Declared Overloaded Record Fields (DORF)

Thumbnail Sketch

This proposal is addressing the narrow issue of namespacing for record field names by allowing more than one record in the same module to share a field name. Specifically each field name is overloaded so that:

  • Within the same module, many record types can be declared to share the field name.
  • The field name can be exported so that records in other modules can share it.
  • Furthermore, other modules can create records using that field name, and share it.

The export/import is under usual H98 namespace and module/qualification control, so that for the record type in an importing module:

  • Some fields are both readable and updatable;
  • Some are read-only;
  • Some are completely hidden.

In case of 'unintended' clash (another module using the same name 'by accident'), usual H98 controls apply to protect encapsulation and representation hiding.

This proposal introduces several new elements of syntax, all of which desugar to use well-established extensions of ghc. The approach has been prototyped in ghc v 7.2.1. In particular:

  • The field name overloading is implemented through usual class and instance mechanisms.
  • Field selectors are ordinary functions named for the field (but overloaded rather than H98's monomorphic), so field selection is regular function application. (There is no need for syntactically-based disambiguation at point of use.)

Implementation: the Has class, with methods get and set

Record declarations generate a Has instance for each record type/field combination. As well as type arguments for the record and field, there is a third argument for the field's resulting type.

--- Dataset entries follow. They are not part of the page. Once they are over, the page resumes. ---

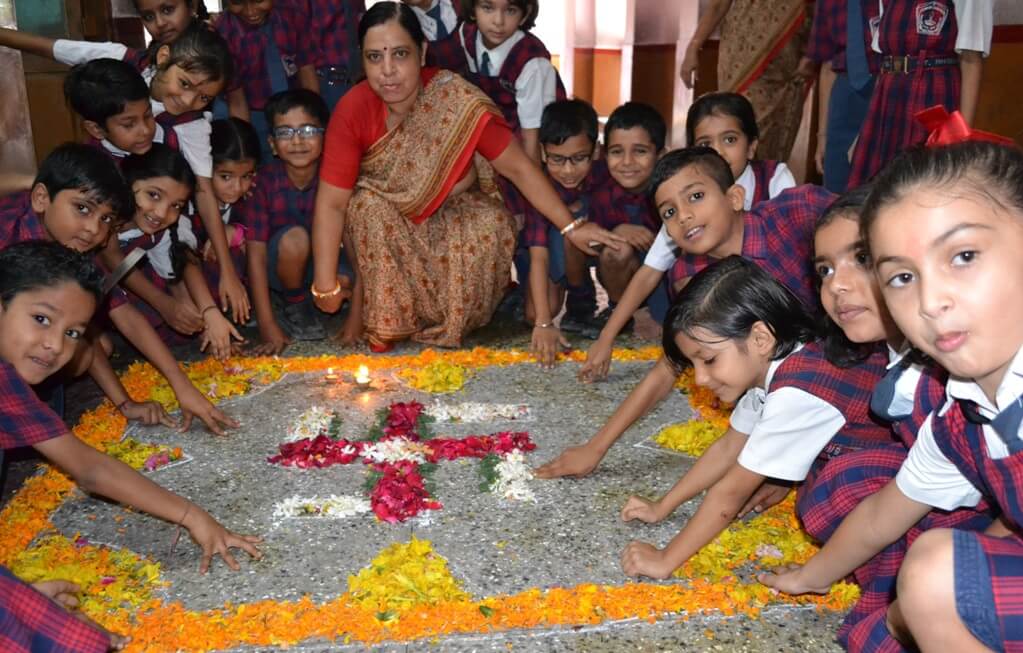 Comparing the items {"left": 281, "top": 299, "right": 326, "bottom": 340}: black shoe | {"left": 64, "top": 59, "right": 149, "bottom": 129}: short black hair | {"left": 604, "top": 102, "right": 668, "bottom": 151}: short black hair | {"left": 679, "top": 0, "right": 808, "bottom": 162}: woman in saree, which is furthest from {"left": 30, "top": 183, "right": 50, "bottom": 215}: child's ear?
{"left": 679, "top": 0, "right": 808, "bottom": 162}: woman in saree

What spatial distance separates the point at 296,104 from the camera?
4301 millimetres

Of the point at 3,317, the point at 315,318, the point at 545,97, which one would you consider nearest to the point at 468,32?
A: the point at 545,97

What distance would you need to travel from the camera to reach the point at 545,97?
15.2 feet

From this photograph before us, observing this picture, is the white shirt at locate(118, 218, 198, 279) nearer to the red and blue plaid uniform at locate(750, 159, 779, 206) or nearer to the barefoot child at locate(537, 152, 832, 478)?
the barefoot child at locate(537, 152, 832, 478)

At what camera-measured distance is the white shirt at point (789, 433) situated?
226cm

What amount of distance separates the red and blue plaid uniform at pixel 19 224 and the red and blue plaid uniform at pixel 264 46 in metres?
1.75

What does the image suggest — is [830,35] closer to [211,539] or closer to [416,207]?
[416,207]

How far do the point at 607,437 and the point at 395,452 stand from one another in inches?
30.0

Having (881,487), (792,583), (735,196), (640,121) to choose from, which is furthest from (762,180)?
(792,583)

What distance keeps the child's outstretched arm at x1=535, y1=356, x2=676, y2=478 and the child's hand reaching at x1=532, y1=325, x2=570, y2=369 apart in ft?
3.41

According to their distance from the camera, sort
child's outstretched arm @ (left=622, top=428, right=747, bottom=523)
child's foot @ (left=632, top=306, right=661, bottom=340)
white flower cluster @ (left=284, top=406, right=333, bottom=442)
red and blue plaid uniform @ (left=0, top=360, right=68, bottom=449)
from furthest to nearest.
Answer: child's foot @ (left=632, top=306, right=661, bottom=340), white flower cluster @ (left=284, top=406, right=333, bottom=442), child's outstretched arm @ (left=622, top=428, right=747, bottom=523), red and blue plaid uniform @ (left=0, top=360, right=68, bottom=449)

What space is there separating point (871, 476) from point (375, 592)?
4.33ft

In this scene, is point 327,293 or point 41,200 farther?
point 327,293

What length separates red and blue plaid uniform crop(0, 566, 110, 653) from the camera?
1.67 meters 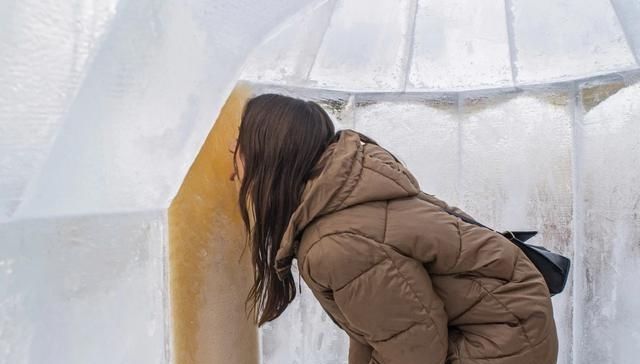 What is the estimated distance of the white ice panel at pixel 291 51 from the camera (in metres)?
1.86

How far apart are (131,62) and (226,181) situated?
77cm

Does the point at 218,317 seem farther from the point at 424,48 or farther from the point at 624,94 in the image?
the point at 624,94

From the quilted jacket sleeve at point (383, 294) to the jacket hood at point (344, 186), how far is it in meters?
0.06

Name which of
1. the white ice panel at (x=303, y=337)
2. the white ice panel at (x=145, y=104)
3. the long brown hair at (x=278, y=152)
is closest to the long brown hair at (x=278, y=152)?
the long brown hair at (x=278, y=152)

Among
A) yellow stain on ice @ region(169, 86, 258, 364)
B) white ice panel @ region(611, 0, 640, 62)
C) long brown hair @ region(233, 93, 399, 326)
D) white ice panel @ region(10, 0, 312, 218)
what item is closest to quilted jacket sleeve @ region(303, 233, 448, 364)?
long brown hair @ region(233, 93, 399, 326)

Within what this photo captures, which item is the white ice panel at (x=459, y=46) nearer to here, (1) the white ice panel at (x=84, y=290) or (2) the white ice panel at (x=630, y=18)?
(2) the white ice panel at (x=630, y=18)

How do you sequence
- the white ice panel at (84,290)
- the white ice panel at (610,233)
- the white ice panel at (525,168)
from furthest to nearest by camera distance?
the white ice panel at (525,168)
the white ice panel at (610,233)
the white ice panel at (84,290)

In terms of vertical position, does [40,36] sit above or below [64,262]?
above

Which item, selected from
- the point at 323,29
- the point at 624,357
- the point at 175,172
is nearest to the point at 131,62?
the point at 175,172

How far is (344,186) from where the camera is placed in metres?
1.09

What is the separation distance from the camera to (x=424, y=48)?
227cm

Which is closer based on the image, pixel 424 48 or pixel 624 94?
pixel 624 94

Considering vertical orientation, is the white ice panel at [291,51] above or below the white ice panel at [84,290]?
above

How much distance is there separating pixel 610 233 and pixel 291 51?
1.29m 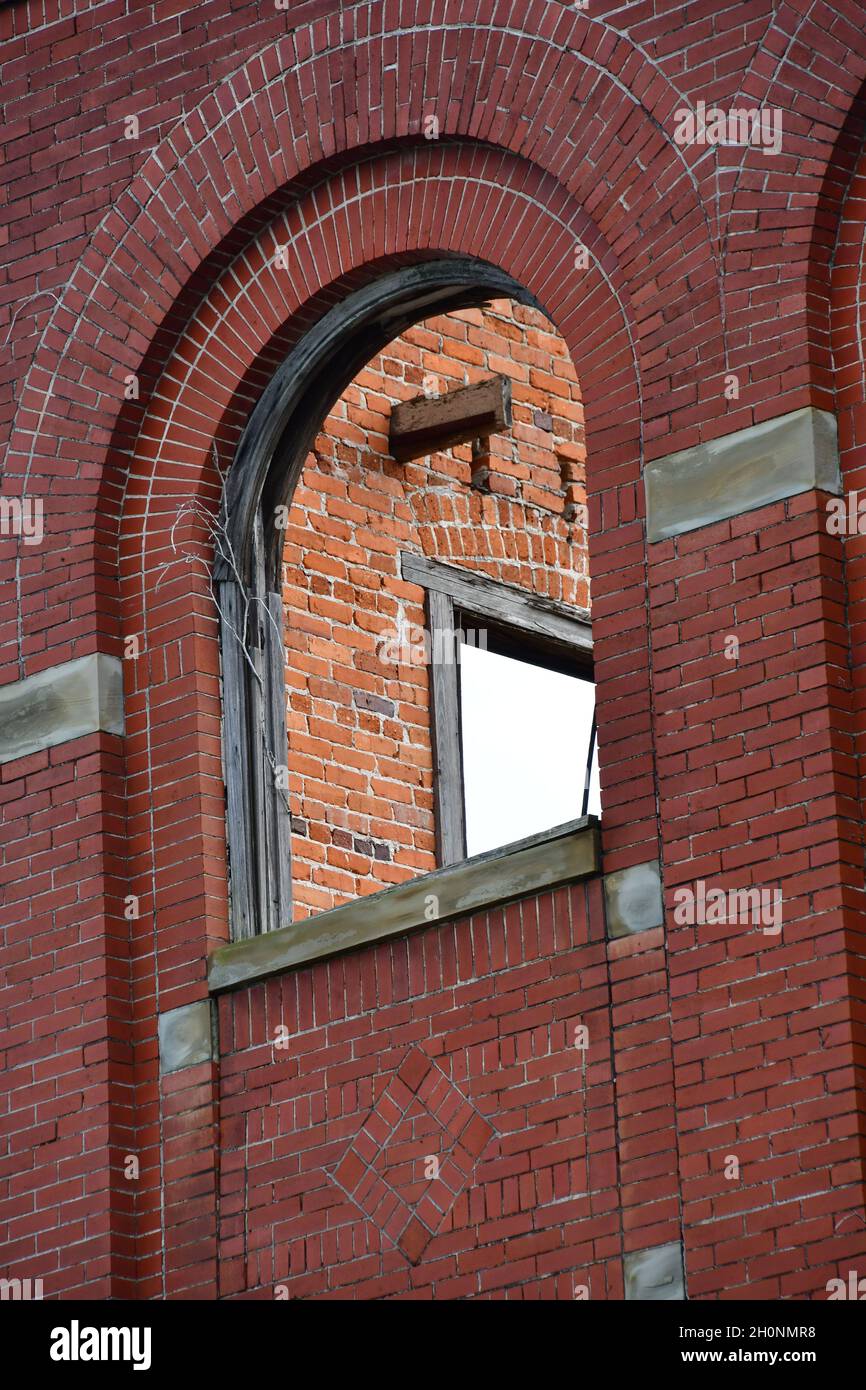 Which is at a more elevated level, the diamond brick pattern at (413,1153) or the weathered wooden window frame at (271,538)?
the weathered wooden window frame at (271,538)

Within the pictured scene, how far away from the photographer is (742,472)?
10.2 m

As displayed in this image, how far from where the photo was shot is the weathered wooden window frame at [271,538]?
1163cm

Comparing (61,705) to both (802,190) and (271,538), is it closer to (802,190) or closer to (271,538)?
(271,538)

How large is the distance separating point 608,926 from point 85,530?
3.01m

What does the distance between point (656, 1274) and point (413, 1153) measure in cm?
118

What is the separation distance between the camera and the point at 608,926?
10.2m

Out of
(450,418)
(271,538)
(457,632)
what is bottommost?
(271,538)

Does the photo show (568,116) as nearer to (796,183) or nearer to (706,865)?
(796,183)

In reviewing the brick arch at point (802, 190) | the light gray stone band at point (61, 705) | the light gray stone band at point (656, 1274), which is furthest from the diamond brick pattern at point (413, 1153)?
the brick arch at point (802, 190)

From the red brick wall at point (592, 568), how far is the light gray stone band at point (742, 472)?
2.8 inches

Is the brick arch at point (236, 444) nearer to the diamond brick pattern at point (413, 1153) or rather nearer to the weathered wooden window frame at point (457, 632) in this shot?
the diamond brick pattern at point (413, 1153)

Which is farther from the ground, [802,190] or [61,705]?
[802,190]

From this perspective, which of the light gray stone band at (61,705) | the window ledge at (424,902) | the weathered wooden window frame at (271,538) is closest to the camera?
the window ledge at (424,902)

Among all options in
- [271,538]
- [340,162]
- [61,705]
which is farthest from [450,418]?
[61,705] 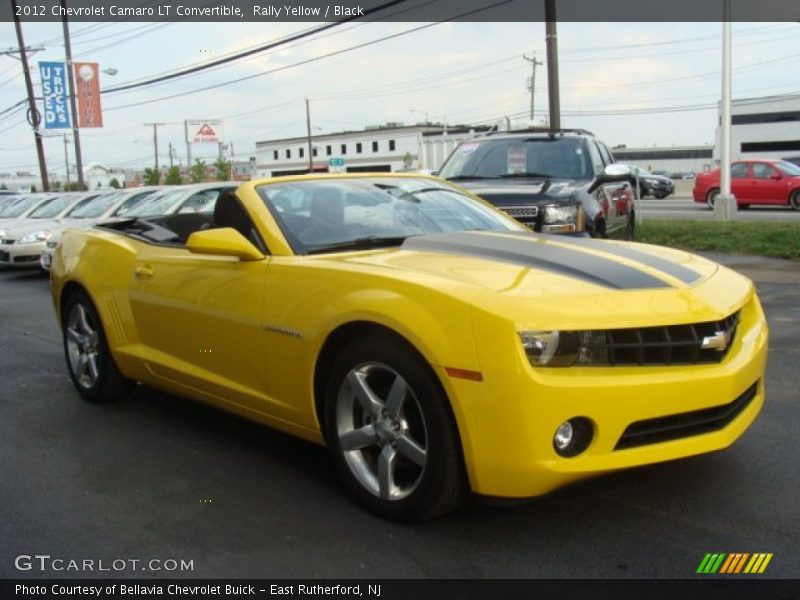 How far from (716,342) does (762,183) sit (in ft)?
72.8

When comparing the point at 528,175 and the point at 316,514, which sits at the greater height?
the point at 528,175

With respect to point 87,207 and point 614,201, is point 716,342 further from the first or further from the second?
point 87,207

This is set at the instance level using equality constraints in a functional-dependencies style. Here is the Has class (r is the record, fld is the proxy type for the field, t is the field's type), with an example record declaration, its Has instance, and examples of use:

    class Has r fld t                                             where
        get :: r -> fld -> t                                            -- simplified form
        set :: fld -> t -> r -> r                                       -- where not changing record's type

    data Customer = Cust{ customer_id :: Int, ... }                     -- declaration syntax same as H98

    instance (t ~ Int) => Has Customer Proxy_customer_id t        where -- Has instance generated, with ~ constraint
        get Cust{ customer_id } _ = customer_id                         -- DisambiguateRecordFields pattern
        set _ x Cust{ .. }        = Cust{ customer_id = x, .. }         -- RecordWildCards and NamedFieldPuns

    myCust :: Customer                                                  -- usual record decl
    ... myCust{ customer_id = 27 }                                      -- polymorphic record update
    ... (customer_id myCust) ...                                        -- field selection is func apply, or:
    ... myCust.customer_id ...                                          -- dot notation is sugar for reverse func apply

Note that the Has mechanism uses a Proxy as the type 'peg' for a field (this is the wildcard argument to get and set):

  • There must be a Proxy_type declared for each distinct field name.
  • The Proxy must be declared once, and the Proxy is then under regular name control.
  • The field selector function also must be declared once, defined using the Proxy.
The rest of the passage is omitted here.